**Exercise**
A picture should never appear in your copy. Transcribe the listing exactly from its first line through the line with "Sony PlayStation 5", both ends included.

**Dataset section**
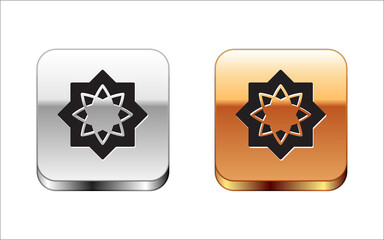 Sticker - Black Islamic octagonal star ornament icon isolated on white background. Silver and gold square buttons. Vector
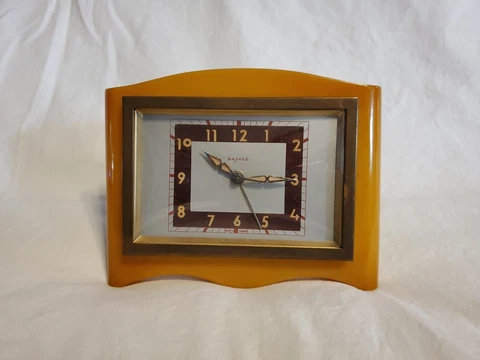 Rare Butterscotch Marbled Catalin Bakelite Bayard Clock Cover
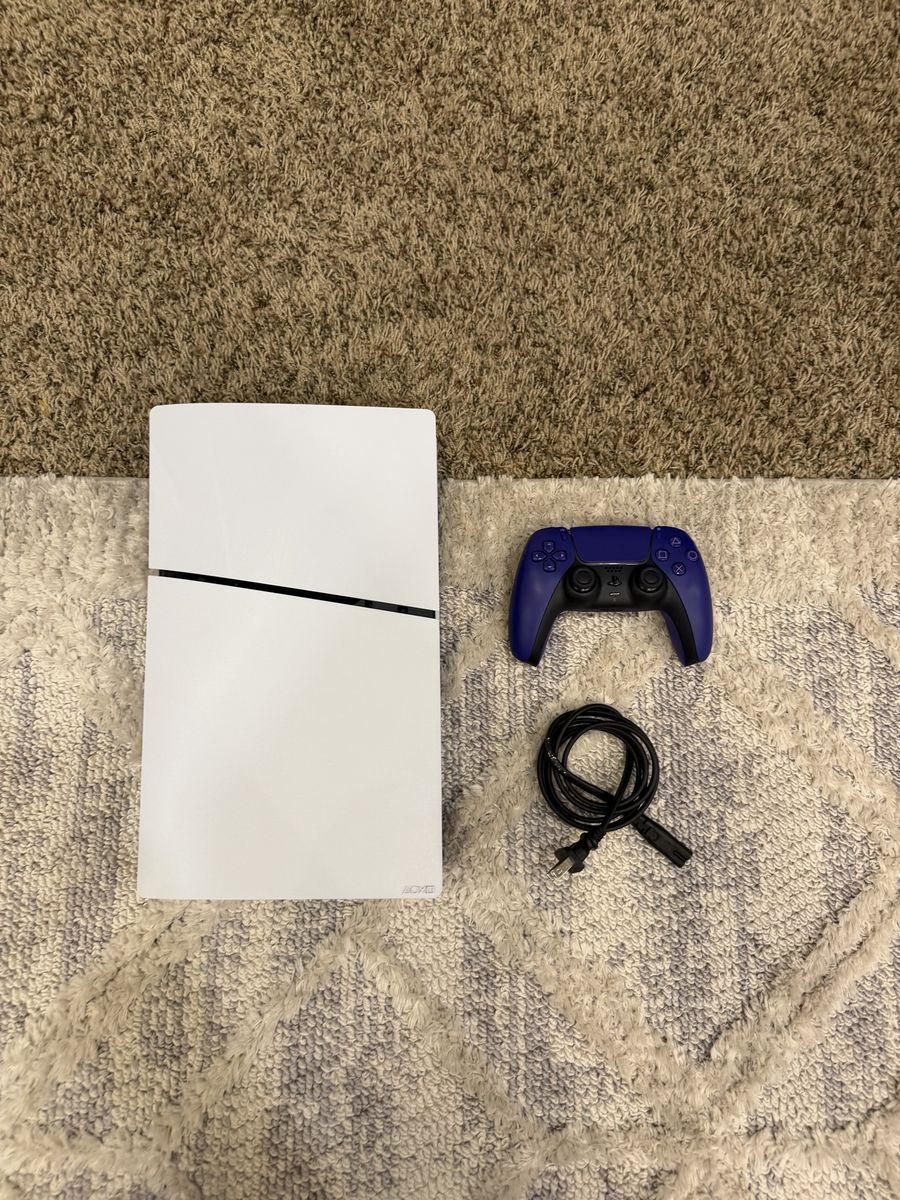 Sony PlayStation 5 PS5 Disc Console White with Midnight Blue DualSense Controller & Power Cable
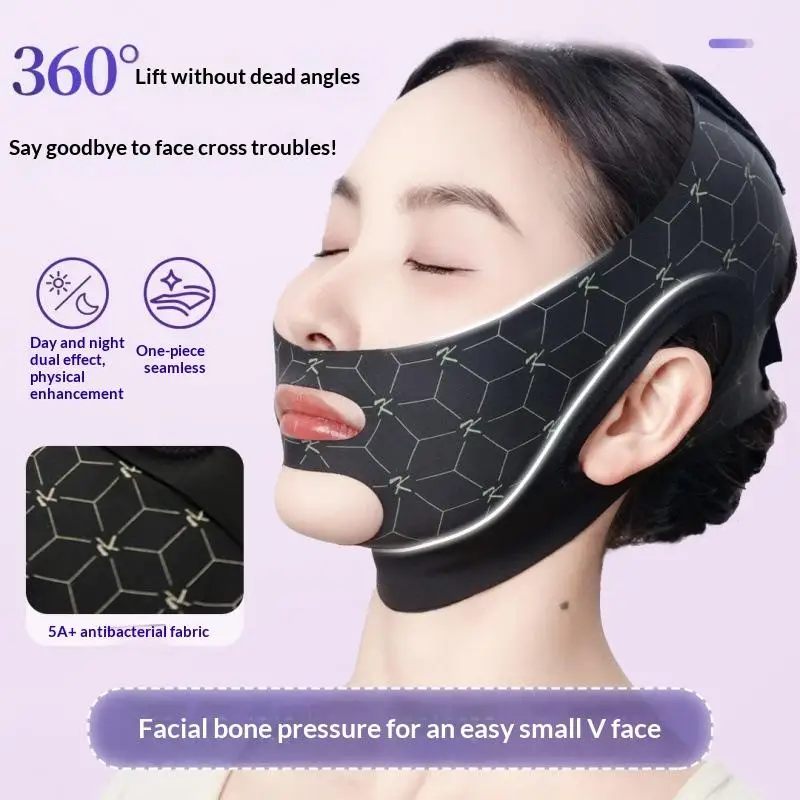 Elastic V Shaped Mask Strap Double Press Face Sculpting Mask Double-Chin Reducer Face Slimming Bandage Face Lift Devices - view 3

**Written response**
 Sticker - Black Islamic octagonal star ornament icon isolated on white background. Silver and gold square buttons. Vector
 Rare Butterscotch Marbled Catalin Bakelite Bayard Clock Cover
 Sony PlayStation 5 PS5 Disc Console White with Midnight Blue DualSense Controller & Power Cable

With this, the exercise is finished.